Yoga-loving Modi, dressed in a white tracksuit, led more than 30,000 people in the northern city of Chandigarh where they performed poses and conducted breathing exercises at the outdoor Capitol Complex.

"Do not wait, make yoga a part of your life," Modi urged in a brief speech to mark the event, an idea he successfully asked the United Nations to adopt.

"This is a day linked with good health and now it has become a people's mass movement," the 65-year-old premier said.

Modi took a short break to inspect the poses of his fellow yogis, who included students and soldiers, before returning to his spot.

His ministers were also dispatched to cities around India to stretch and bend alongside schoolchildren, while the navy tweeted photos of sailors on mats atop an aircraft carrier in Mumbai.

Modi, who credits yoga for his ability to work long hours on little sleep, has been spearheading an initiative to reclaim the practice as a historic part of Indian culture after his Hindu nationalist government came to power in 2014.

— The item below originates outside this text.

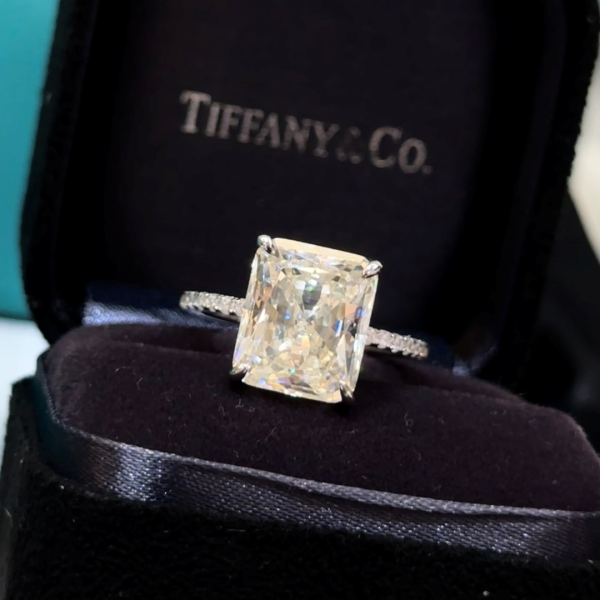 Tiffany Diamond Ring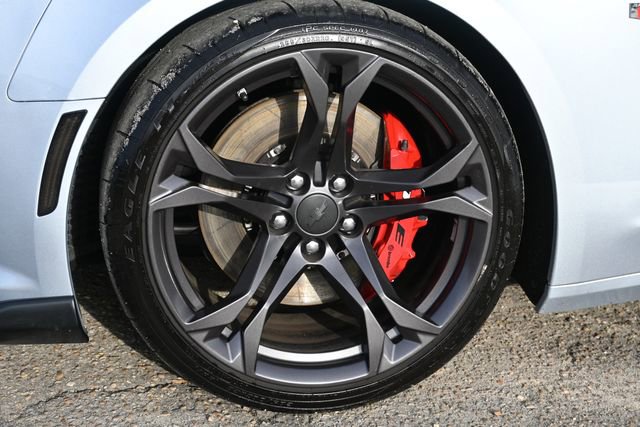 Used 2018 Chevrolet Camaro SS image 27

In his home state of Gujarat, more than 1,700 performed the camel, cobra and other poses in hopes of setting a new world record, a local official said.

"The previous record was 930 pregnant women performing yoga simultaneously in China in 2009... we have submitted all documents to the officials of Guinness World Records who were here to evaluate the record," district collector Vikrant Pandey told AFP.

Modi last year led some 35,000 people in New Delhi to mark the first world yoga day, setting two world records—one for the largest yoga class at a single site and another for the greatest number of nationalities attending.

Indian scholars believe yoga dates back 5,000 years, based on archaeological evidence of poses found inscribed on stones and references to Yogic teachings in the ancient Hindu scriptures of the Vedas.

Since taking office, the premier has set up a ministry dedicated to promoting and traditional Indian treatments, and started free lessons for his government's three million bureaucrats and their families.